The sunny room was riddled with toy magnetic alphabets in all the primary colors but mostly red. As I tip-toed around the letters, it bellowed back a vomit of toys in every conceivable space, crevice, drawer, and cabinet. It was the family room.
A kaleidoscope of crayon marks was scrawled at the bottom two feet of every wall. The heavy curtain was still waving at the canal as I gazed at luggage on the floor, unbuckled and unzipped. It was men’s clothes, half wet, a smell of liquor emanating.
It was impossible to tell if someone had been packing or unpacking. A ski jacket ble out the door. It reminded me that the soldier’s parents lived in the mountains of Colorado and were expecting my response. How could I possibly make any sense of what happened here? What preceded it?
All the furniture everywhere in the house was new: a white sofa with all the accompanying accouterments of a wealthy family; a large TV; and a wall of oak shelves with nothing on them. I ambled into the kitchen area with its granite counter-tops and over-sized breakfast nook.
I opened the refrigerator, which shed something that I could only describe as oozing goo. There was nothing inside that I recognized as having been former food. The goo was mostly royal blue and English rose, dripping in long strands.
Next to the fridge was a cooler overflowing with the stenched remnants of hard liquor and beer. Who was the drinker: soldier or wife?
I entered the formal dining room with its humongous ceiling and was suddenly shaken by the sound of a sonorous, grinding bellow. It sounded like something was turning on.
I followed the sound that led me to a full bath with a ceiling that was easily 15-feet high, a whirlpool bath, separate shower, toilet and even a bidet. Such a magnificent house, but the sound began again in the wall and it was approaching fast. I couldn’t take it, fled, slammed the door, and found myself in front of a path of lemon drops. In wonderment, I followed them up the stairwell into the baby’s room.

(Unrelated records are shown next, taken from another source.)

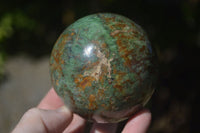 Polished Green Chrysoprase Spheres  x 4 From Ambatondrazaka, Madagascar - Toprock Gemstones and Minerals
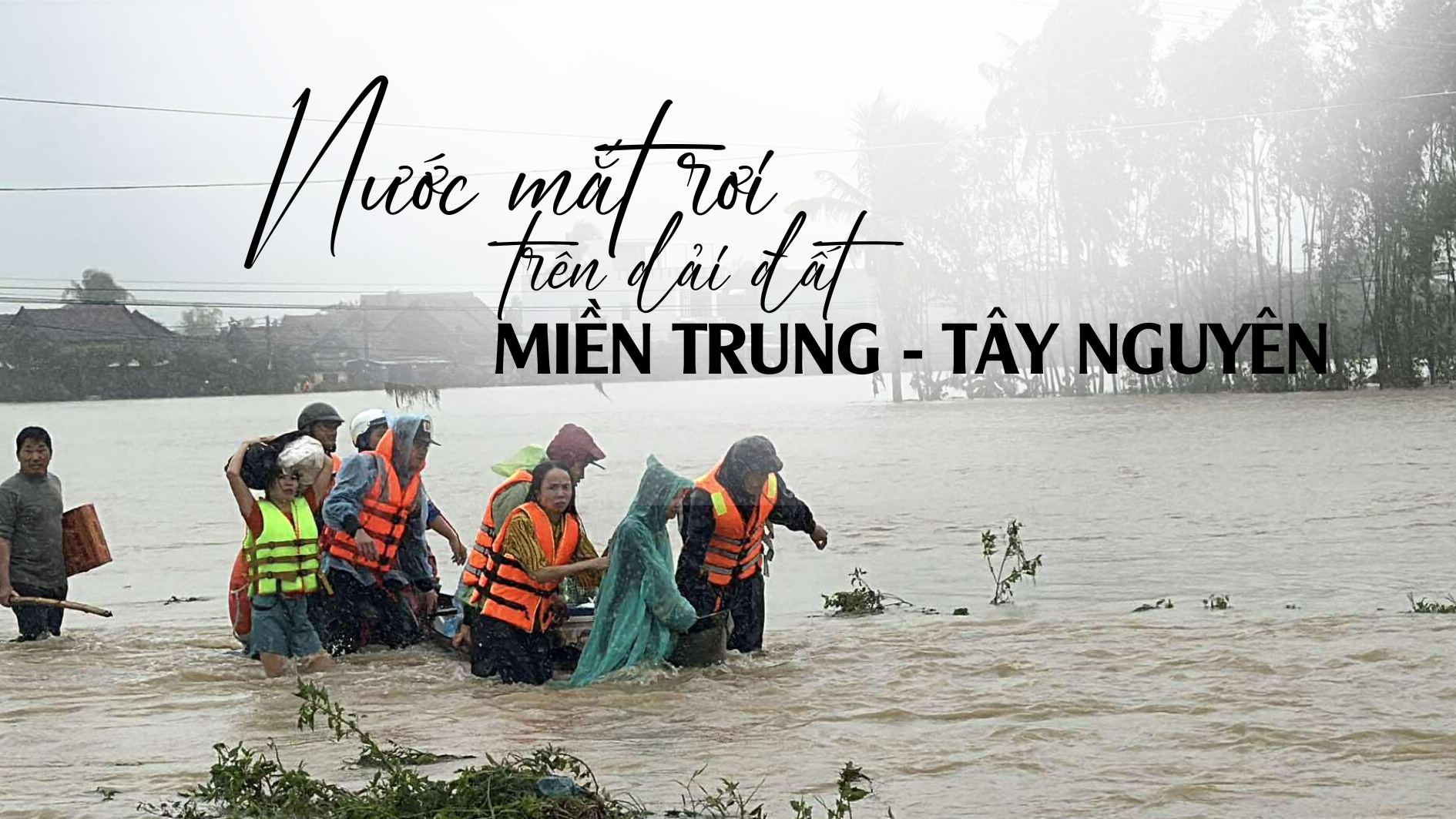 Nước mắt rơi trên dải đất miền Trung và Tây Nguyên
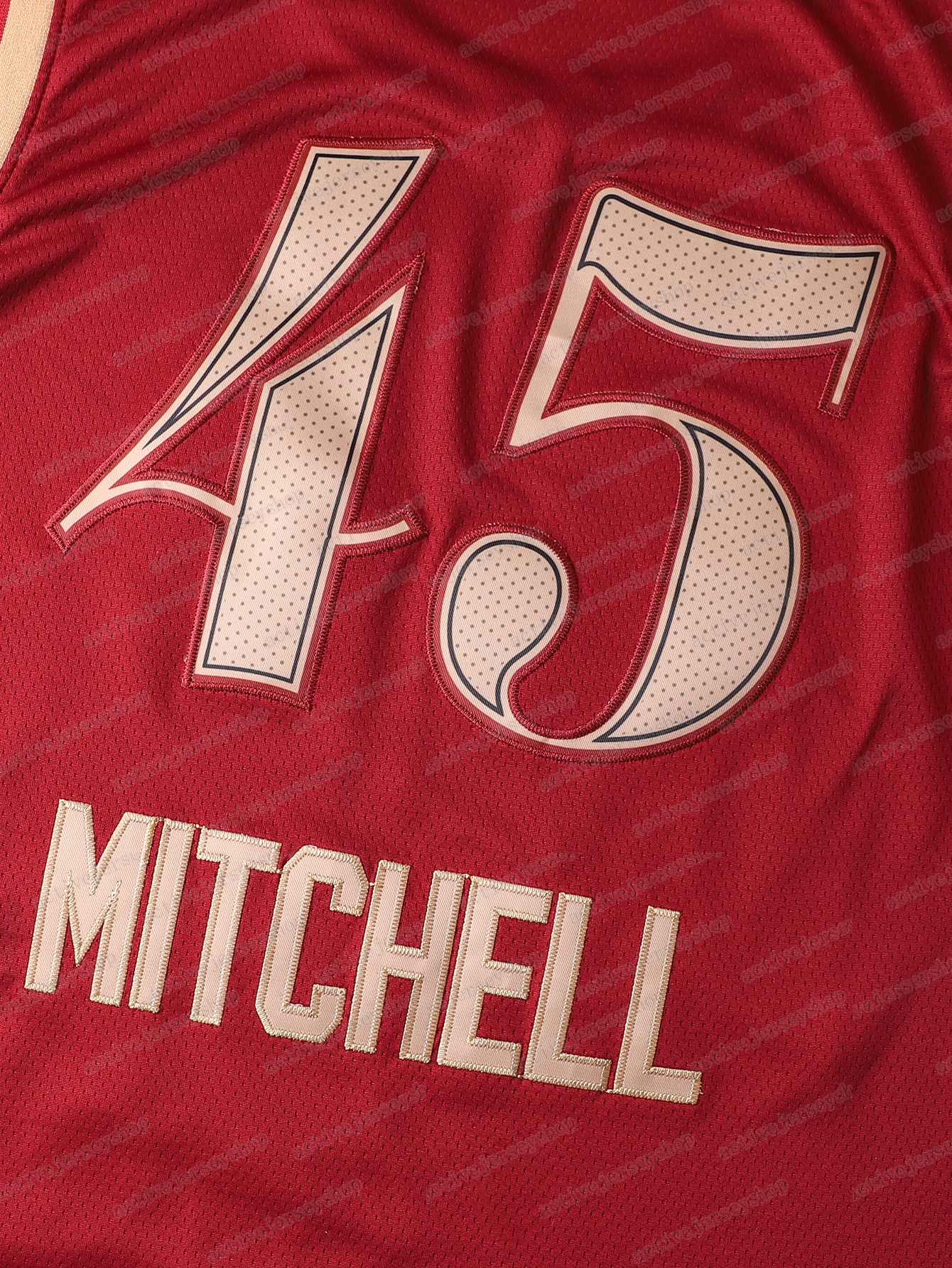 Men 45Mitchell Embroidered Basketball Jersey Breathable Stretchy Sleeveless Sports Uniform for Training Competition Parties Free shiping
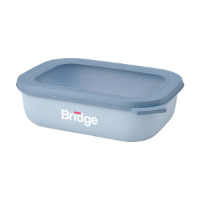 Mepal Cirqula Multi Use Rectangular Bowl 1 L Lunchbox Nordic Blue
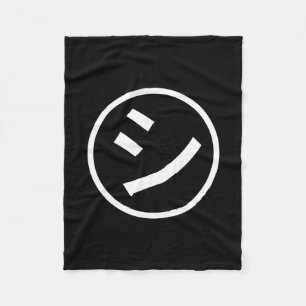 Manta Polar ㋛ Shi Kana Katakana Emoji sonriente / Emoticon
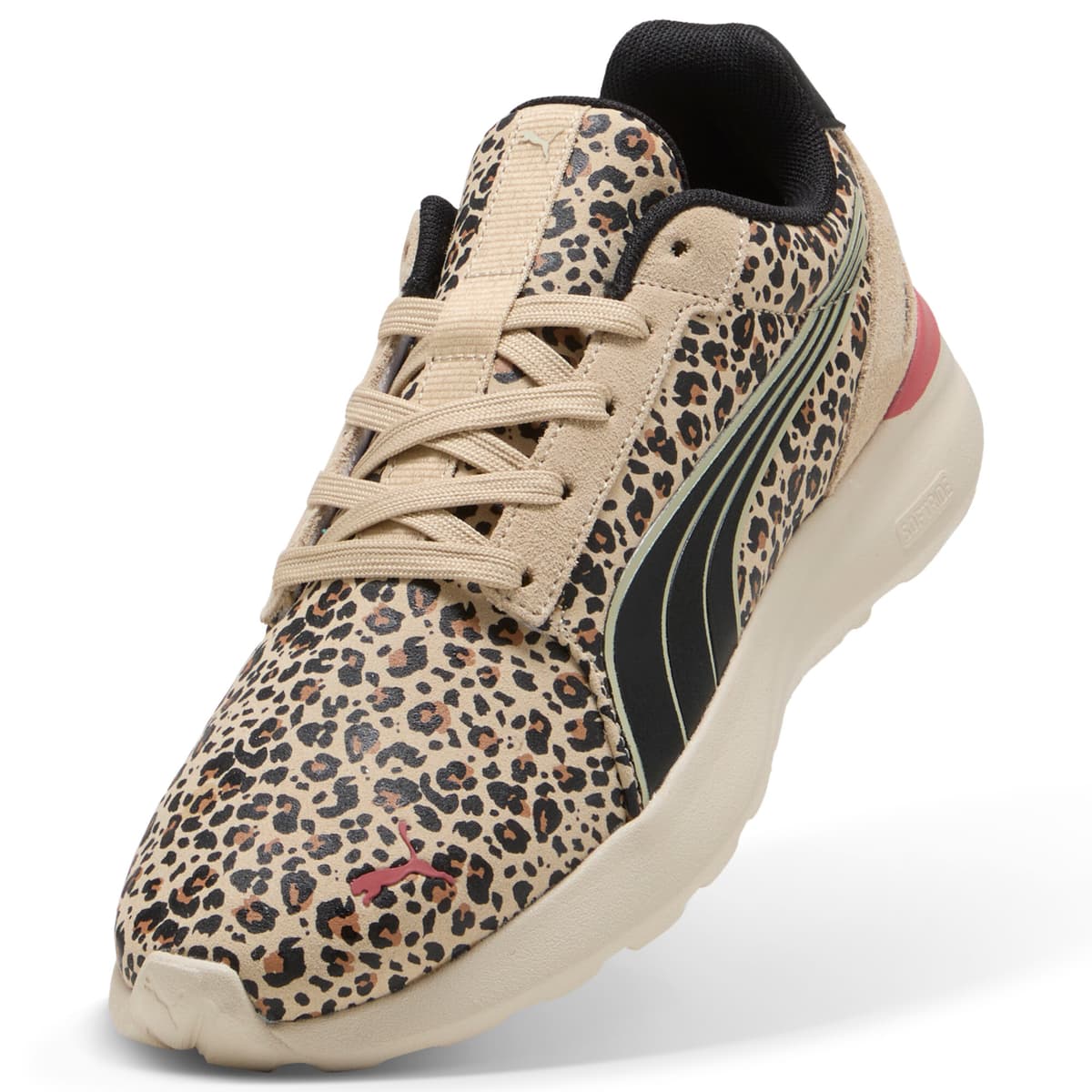 PUMA Softride Cosmic Animal Flair voor Dames, Roze/Zwart/Bruin, Maat 36 thumbnail 2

That’s right. The baby’s room. I had forgotten about that baby. Those two women across the street told me about that in our brief encounter. They said the soldier had come across the street and knocked pretty firmly on their door. The man of the house greeted him but noticed he looked exhausted, maybe exasperated. The soldier said nothing more than the command, “Take the baby.”
Stunned, he did.
Without another word, the soldier walked back across the street. Minutes later, they heard the sound of catastrophe. The older lady mentioned in a loud hush as I entered the home, “He lost his job.”

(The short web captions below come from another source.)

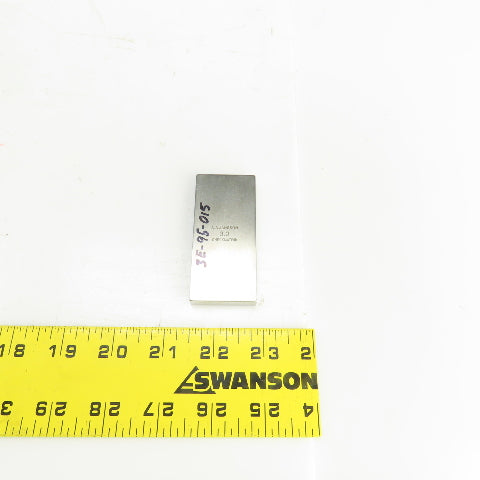 A.A. Jannson Checkmate 3" Steel Rectangular Gage Block 1-3/8" W x 0.351" Thick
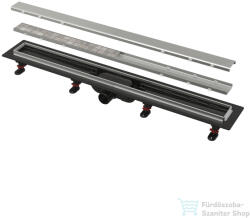Alcadrain APZ20 Simple műanyag zuhanyfolyóka, rozsdamentes peremmel kétoldalú rácsokhoz, 850 mm, APZ20-850 (APZ20-850)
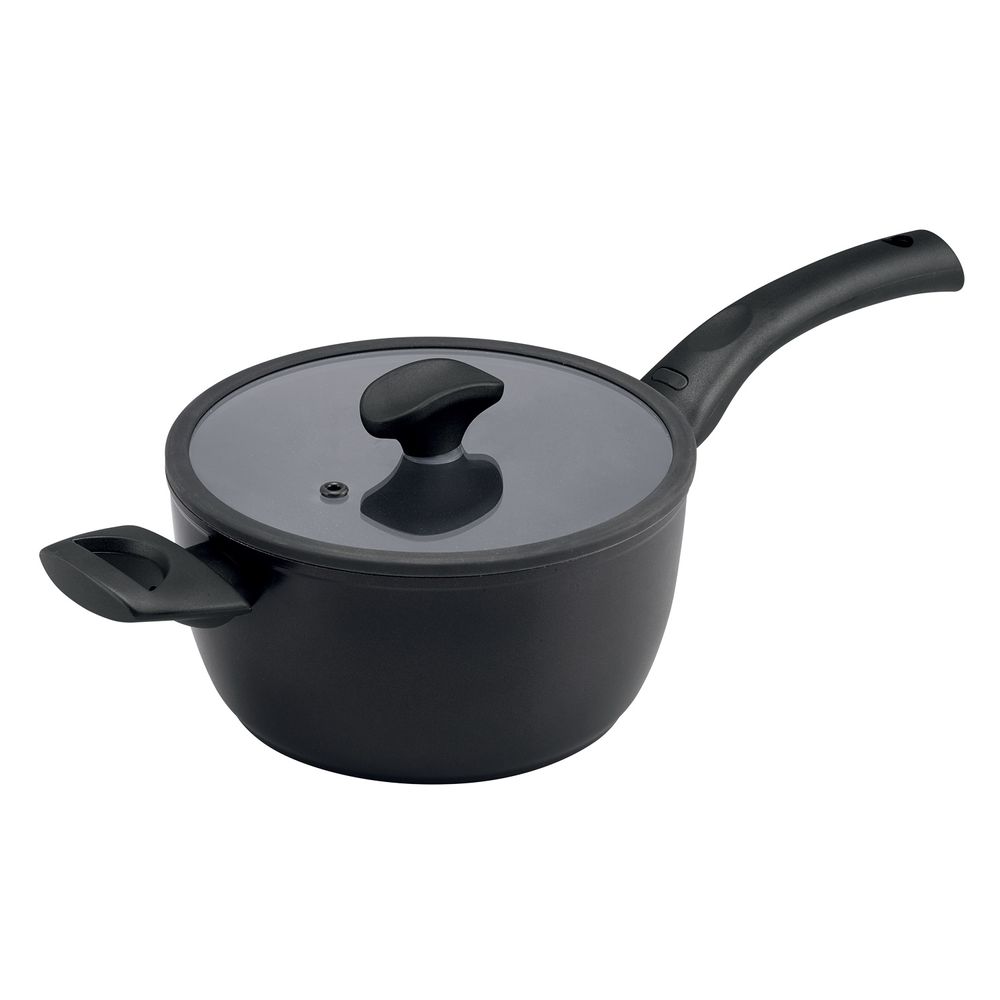 Essteele Per Salute Covered Saucepan (Black) - 20cm by Essteele - ISBN: 0051153107214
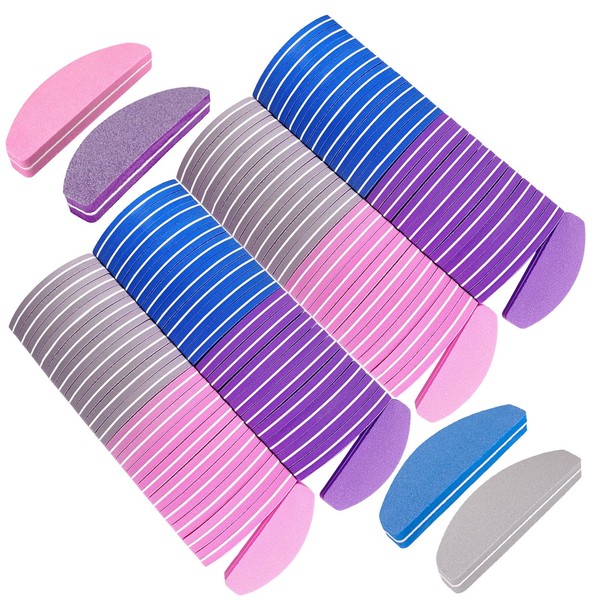 80 Pcs Nail Buffers, Double Sided Nail Files Buffer Blocks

I turned into the master suite adjacent to the baby’s room. There I saw a card on a blood-spattered carpet: all over their Wayfair end tables, California King bed, bureaus, lamps, and curtains.
It was a birthday card. It was peaking from underneath a lavender T-shirt with a cartoon chicken on it that pouted “Chicks Rule.” On one side of the greeting was embossed Sweet Love Almighty; on the other, a handwritten scrawl asking, “why R U such an ass.”

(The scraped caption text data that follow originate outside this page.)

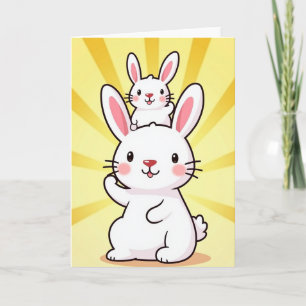 Bunny Buddies Happy Card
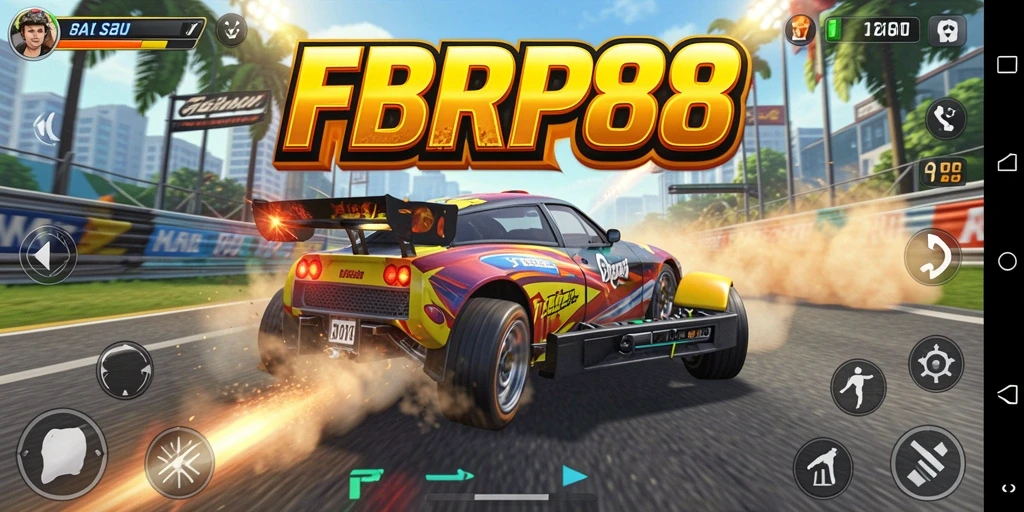 Tampilan menarik dari gameplay balap di FBRP88.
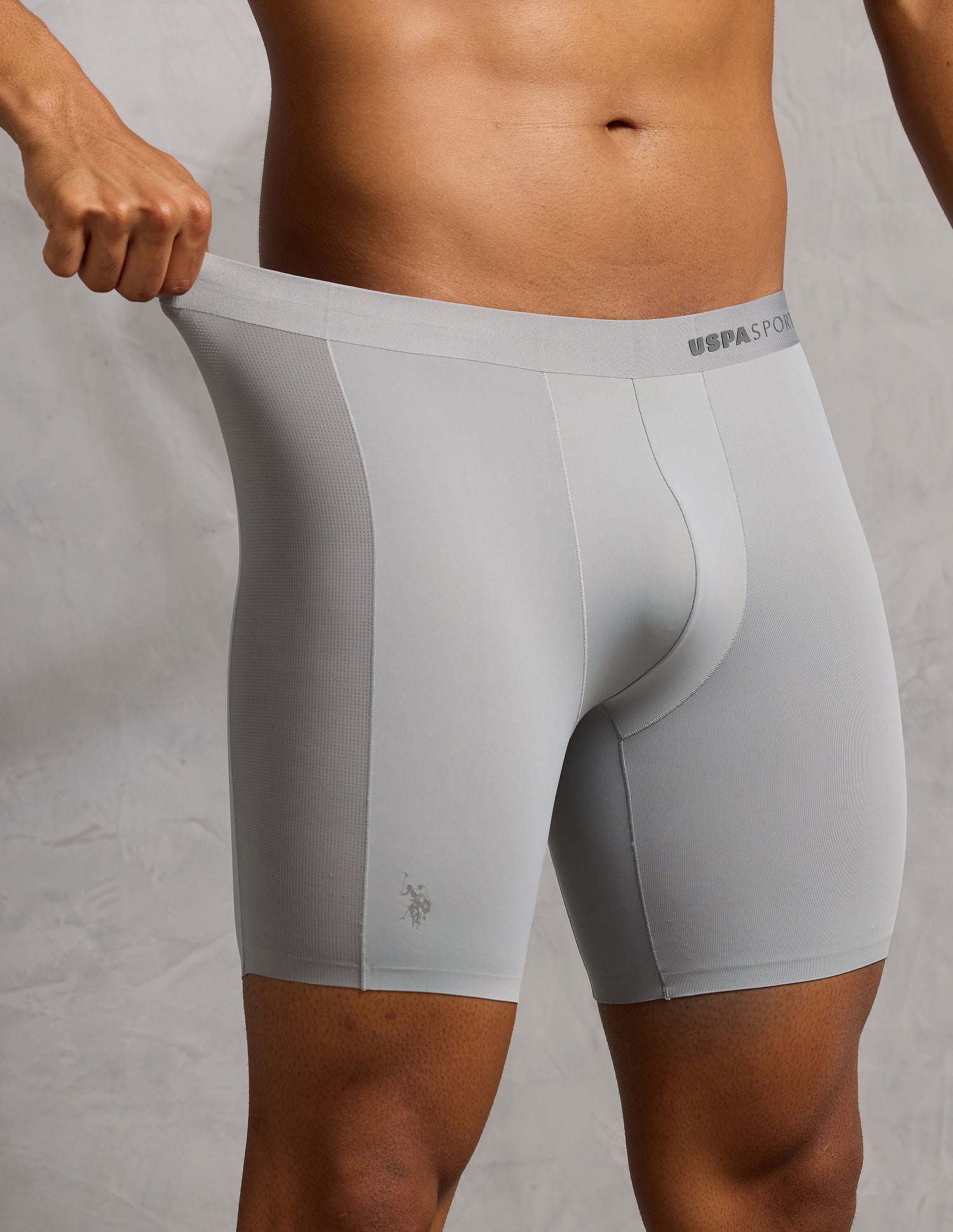 Micro Fibre Seamless Long Trunk Grey - U.S. POLO ASSN. | Large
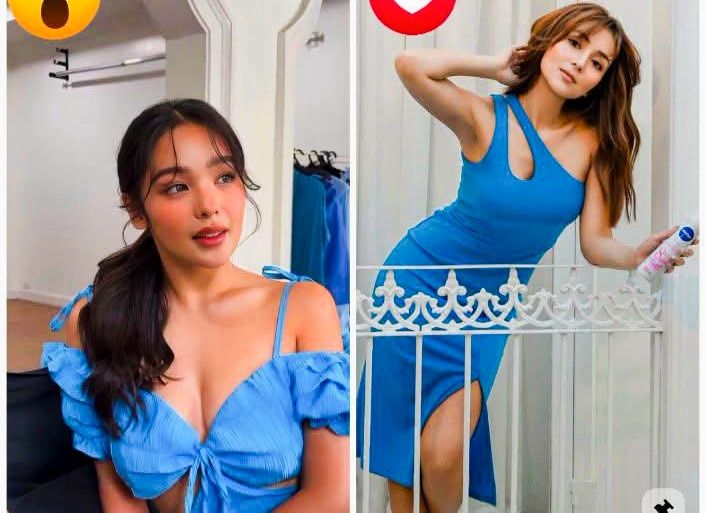 They beautiful in blue dress Miss Kathryn Bernardo and Andrea Brillantes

I had seen enough. As I followed the lemon drops back down their exquisite staircase, I saw the blotch of blood again near the door in the foyer. He had paused there, I thought, on his way out, maybe with the baby. He crossed the street, gave the baby away and returned home, upstairs, and where his wife lay in bed whimpering, perhaps, gurgling. He had gotten her right at the base of her neck.
The soldier picked up his cell phone and called his mother some 2,000 miles away. “Mum,” he ordered, “Get Isabel,” a woman from the deep woods of Mississippi. He had ordered a conference call with the whimpering one’s mother.
The conversation was commando style; he had identified the enemy. As soon as Isabel got on the line, she knew something was wrong. “What’s happening? What’s going on?”
The soldier, all he said was, “I shot her.”
His mom didn’t speak. The other one howled. I stopped the tape. I didn’t want to know if we could hear him shoot himself.
In commemoration of Memorial Day and to America’s children of gun violence.